1 files changed, 22 insertions, 21 deletions

diff --git a/games/games.tex b/games/games.tex
index 72c1793..365013f 100644
--- a/games/games.tex
+++ b/games/games.tex
@@ -901,11 +901,11 @@ We may assume the first case that $\cal A$ provides a false planchet
 outright because we produce a key exchange failure in the second case.
 
 We shall prove $E({p \over b + p} | X \neq \emptyset) \le {1\over\kappa}$ (\dag)
-with the expectation taken over games with false planchets, meaning
- any probability space used by the adversary,
+meaning  any probability space used by the adversary,
  times the uniform distribution on exchange keys $\V{skE}$,
  times the space of $\gamma$ choices by the exchange,
  i.e. the uniform distribution on $\kappa^X$.

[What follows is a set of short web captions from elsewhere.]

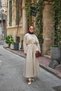 Women's Sleeve-Cape Detail Waist-Tie Loose Trousers Stone - 2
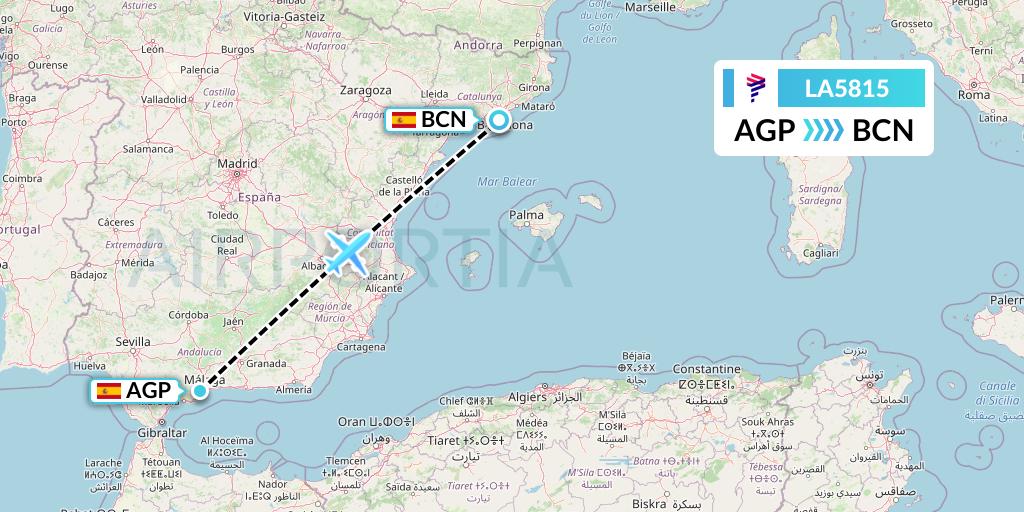 LA5815 LAN Airlines Flight Map: Malaga to Barcelona
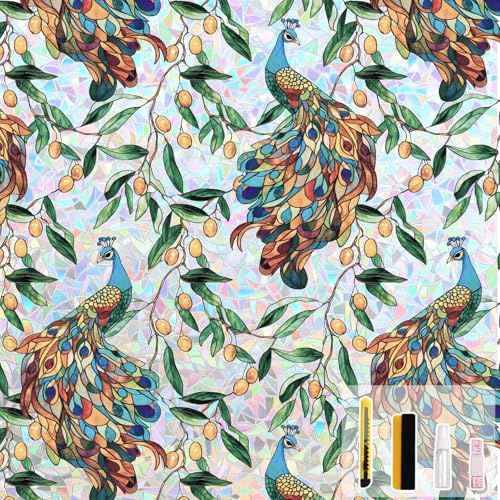 KROMAPOLIS Fensterfolie Blickdicht, 3D Buntglas Fensterfolie Selbstklebend, Wohnzimmer Büro Glastischplatte Dekorative Fensteraufkleber Anti UV Statisch Haftend Window Film Privacy - 44.5x200cm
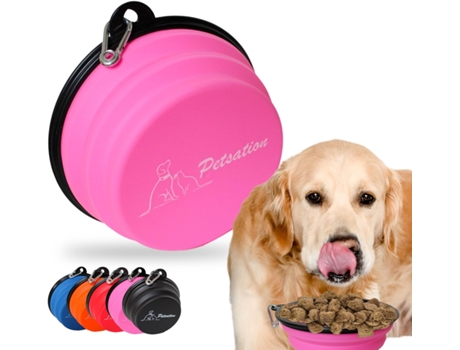 Tigela de Viagem PETSATION Rosa 2X1L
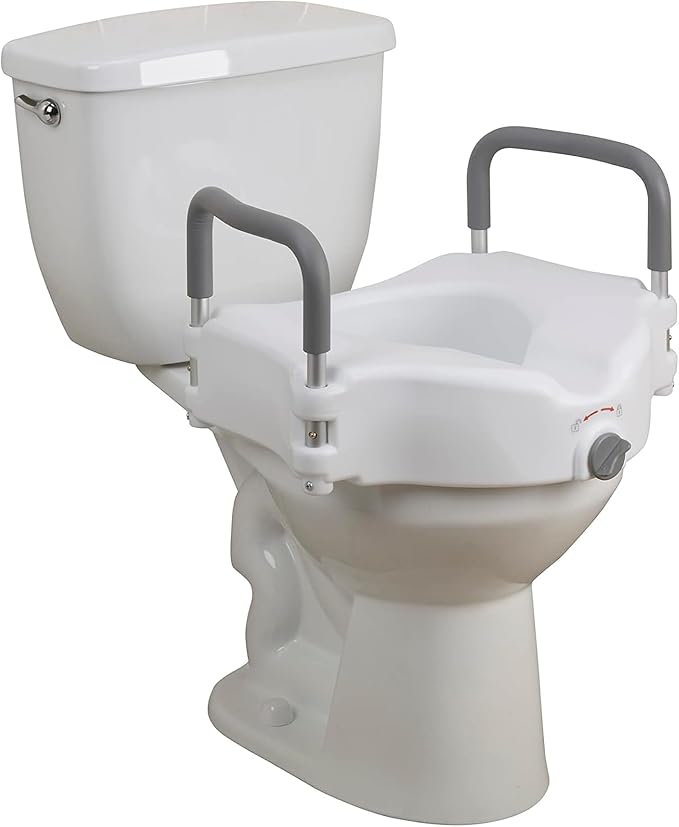 Drive Medical 2-in-1 Raised Toilet Seat with Removable Padded Arms | Raised Toilet Seat Offers Removable Padded Arms and Secure Locking Attachment for Standard Toilets and Safety
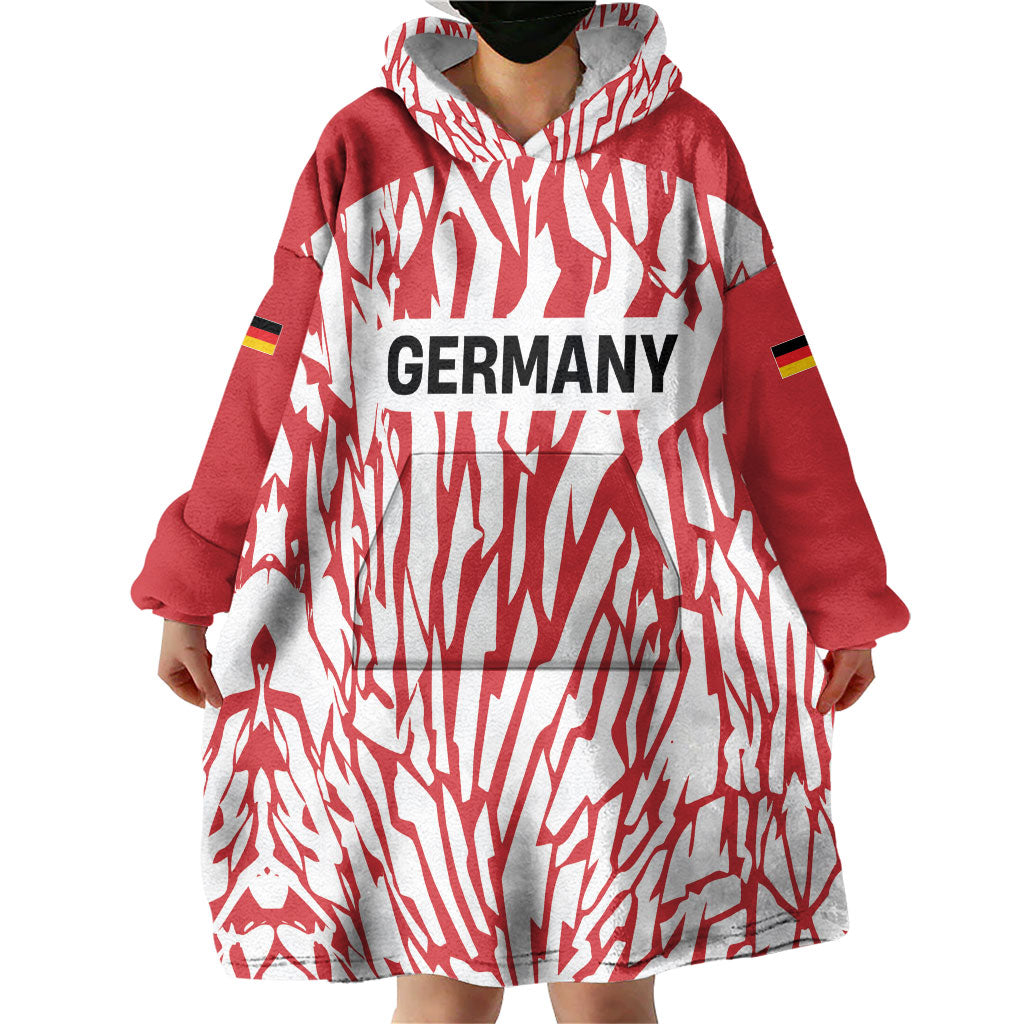 Custom German European Football Champions Wearable Blanket Hoodie Abstract Lightning Rot Weiss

+with the expectation taken over games with false planchets
 
 We shall optimizes our adversary in ways that improve its $p \over b + p$.

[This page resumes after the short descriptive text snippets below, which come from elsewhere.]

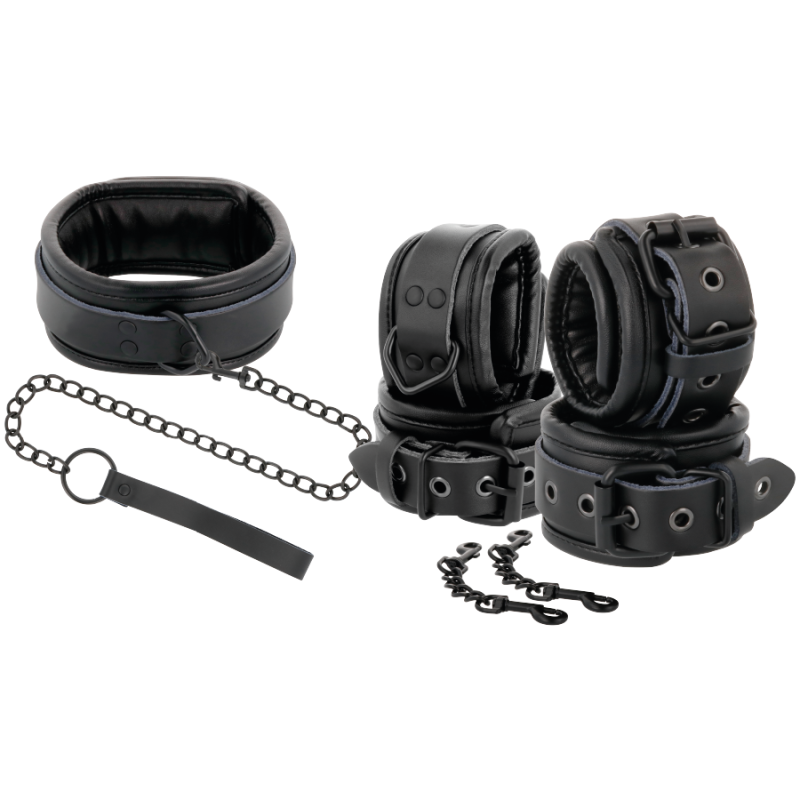 Darkness - Manette E Colletto In Pelle Nera - DARKNESS - Manette e Polsini | erosidea.com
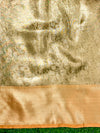 Banarasee Handloom Tissue Saree With Zari Woven Design & Lace-Gold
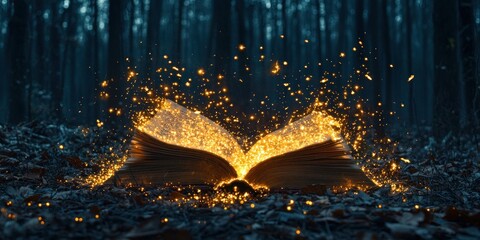 Poster - An Open Book Glowing with Golden Magic in a Dark Forest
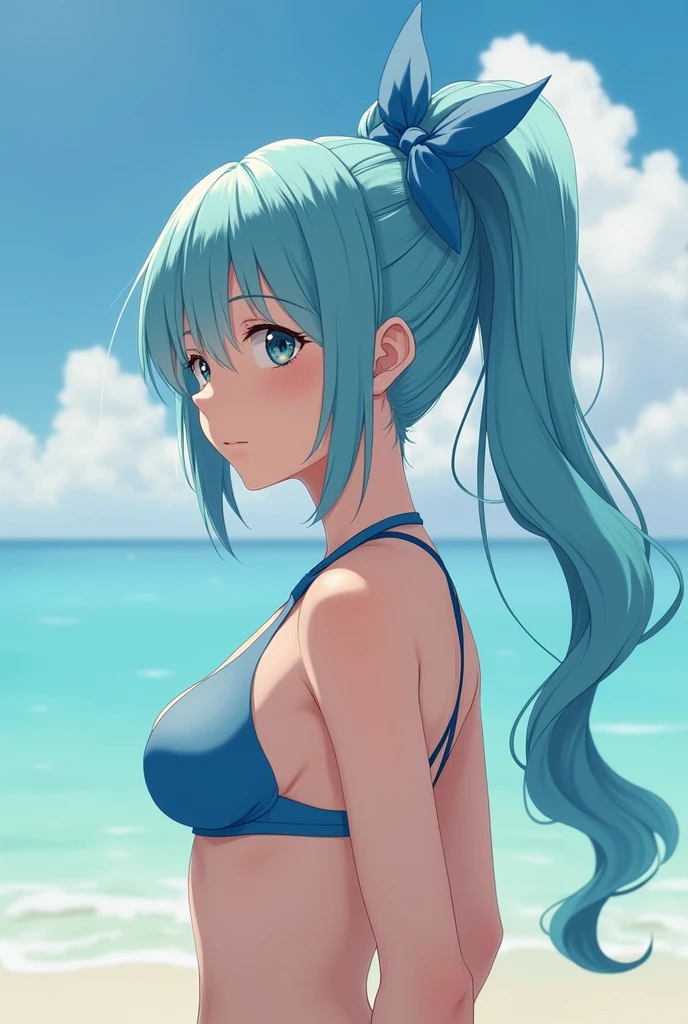 A girl in her 20s wearing a blue bikini　　Light blue hair ponytail　Blue ribbon on top of head　The bangs are parted
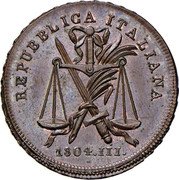Italy 1/2 Soldo Napoleon Coinage Pattern 1804  KM# Pn15 REPUBBLICCA ITALIANA 1804.III. coin obverse Italy 1/2 Soldo Napoleon Coinage Pattern 1804  KM# Pn15 REPUBBLICCA ITALIANA 1804.III. coin obverse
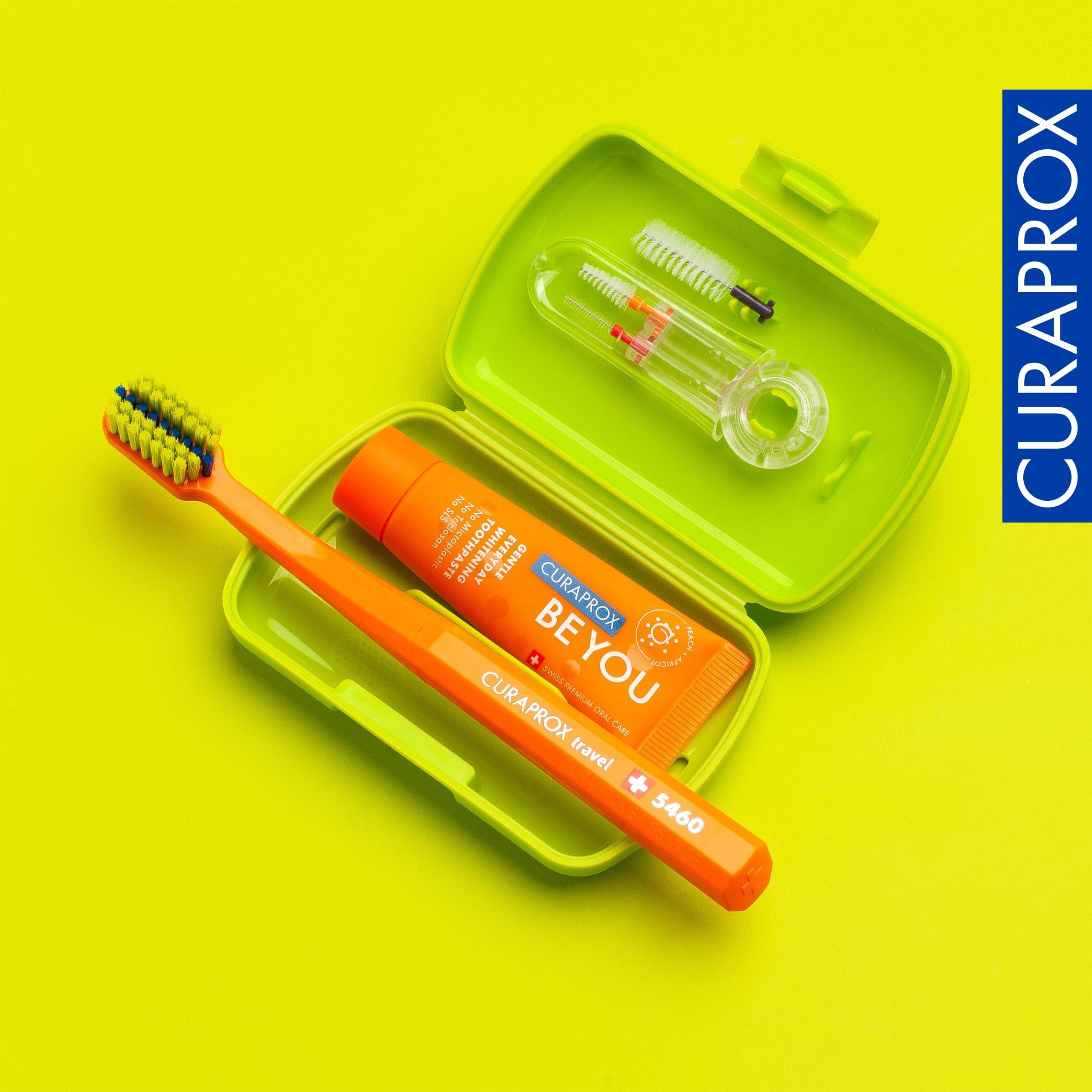 Orange Curaprox refill heads packaging showing recycling symbol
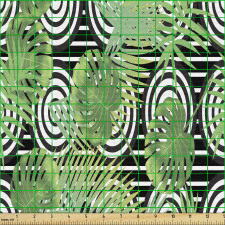 Geometrik Parça Kumaş Yuvarlaklar Üzerinde Şık Ağaç Yaprakları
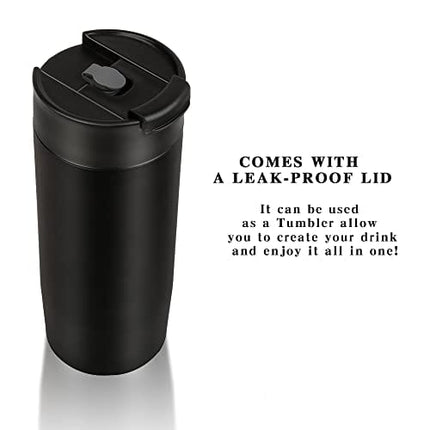 Deitybless Cocktail Shaker, Vacuum Insulated 3-IN-1 Shaker with Clear Jigger Lid and Sealed Leak-Proof Lid, 20oz Stainless Steel Insulated Can Cooler Compatible with Tumbler(Matte Black)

 We cannot actually produce this optimized adversary ourselves,
@@ -930,30 +930,31 @@ for at most one choice of $\gamma$ in $R_C$,
 
 We defined $R_C$ to be an anti-chain in the refresh forest, but
 emphasize that an adversary who looses an $R_C$ looses $C$ completely,
-while an optimal adversary who wins an $R_C$ should not gamble again.
-There is no way to influence $p$ or $b$ through withdrawals or spends
-by corrupted users of course.  In principle, one could decrease $b$ by
- sharing from a corrupted user to a non-corrupted users,
-but we may assume this does not occur either, again by optimality.
-
+while an optimal adversary who wins an $R_C$ should not gamble again. 
+Indeed, an adversary has no reason to touch its winnings from an $R_C$.
 
+% There is no way to influence $p$ or $b$ through withdrawals or spends
+% by corrupted users of course.  In principle, one could decrease $b$ by
+%  sharing from a corrupted user to a non-corrupted users,
+% but we may assume this does not occur either, again by optimality.
 
-We obtain a valid game run by terminating a game early, or even by
-blocking oracle calls on decedents of a particular coin $C$,
- which we refer to as a strictly simpler game run.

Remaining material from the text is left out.